Du morceau on retient évidemment ce carillon/cloche qui marque le début de l’intro et l’entrée dans la ville, puis ces notes d’orgue (descendantes) qui interviennent à la moitié du titre et en constituent le gimmick le plus évident. Les percussions sont discrètes (un balai) et la basse juste lugubre à souhait. La violence est plus suggérée que « montrée » ou « jouée » et c’est aussi un des ressorts utilisé par le groupe pour suggérer la peur. Le morceau évolue entre la pop, le rock, le blues et la balade folk. Difficile de le rattacher avec certitude à un genre musical, il serpente avec une certaine grâce, une certaine élasticité, en même temps qu’on chemine, lentement, presque d’un pas joueur, vers le meurtrier. A quatre minutes et quarante cinq secondes, on pourrait presque trouver Red Right Hand trop long et ennuyeux, si la manière dont le groupe étire la séquence n’était pas motivée justement par cette volonté de faire durer le plaisir, comme on rallongerait le trajet du condamné vers le billot. Le recours à l’orgue (et la carillon) font écho aux musiques pour le cinéma de série Z mais amènent aussi une solennité, un brin burlesque, qui a une fausse allure religieuse. Red Right Hand est à cet égard cet instant pivot où Nick Cave semble vouloir jouer et un peu se détacher des codes noirs, gothiques, satanistes et l’imagerie biblique voire Premier Testament, avec laquelle il s’amusait depuis ses débuts. Cette Red Right Hand n’a pas la profondeur, le sérieux et le caractère définitif de Tupelo. Elle ne peut pas être prise au sérieux comme on tremble sur The Mercy Seat. C’est une représentation réaliste (incarnée) mais qui est entourée d’une forme d’aura romanesque qui amène l’auditeur à s’en amuser.

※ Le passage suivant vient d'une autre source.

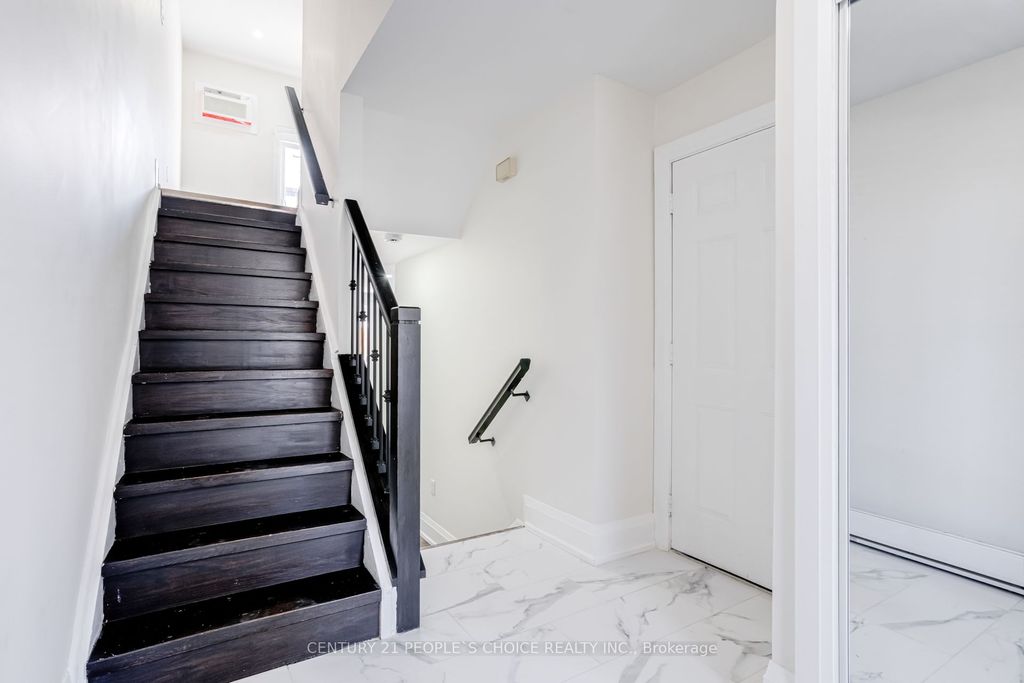 Photo of 445 Stone Church Road #24, Hamilton, ON L9B 2L5 (MLS # X12796128)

Red Right Hand est ainsi le titre avec lequel Nick Cave semble envisager au second degré tout ce qu’il a fait. Il s’engage dans une forme de théâtralité lexicale et référentielle qui laissera penser à certains détracteurs que la suite de son œuvre est (jusqu’à Skeleton Tree, l’album du malheur véritable, celle de la mort de son fils) surjouée ou en partie fabriquée. Red Right Hand est le titre de la mise à distance, de la construction littéraire et musicale d’une menace, d’une sortie de l’état primitif qu’était encore Henry’s Dream pour un état de conscience où l’artiste joue avec sa matière première comme on travaillerait de l’argile. Les productions sont plus travaillées et s’accompagnent d’un tempo moins rapide et qui semble laisser la place au doute, à la pause, au spectacle. Let Love In, le morceau, n’est pas moins intense que les morceaux d’antan mais il donne le sentiment que pour la première fois Nick Cave se regarde en train d’écrire et de chanter. Il cesse de devenir un punk qui chante à la perfection pour devenir pour de bon un crooner qui peut se produire dans tous les registres. Sur le disque, les chansons à l’ancienne comme Thirsty Dog ou Jangling Jack sont devenues les moins convaincantes et les moins soignées parce qu’il manque à Nick Cave l’engagement et la brutalité que lui a enlevés la Red Right Hand.
Nick Cave a rencontré l’homme des berges, quelque part entre 1993 et 1994. Il lui a volé son mojo et lui a enfoncé une aiguille d’acier à la base du cou et a tué le punk en lui. Avec Red Right Hand, sa musique a cessé d’être dangereuse (pour lui et pour nous) pour devenir belle. On a gagné au change mais pris mille ans au passage.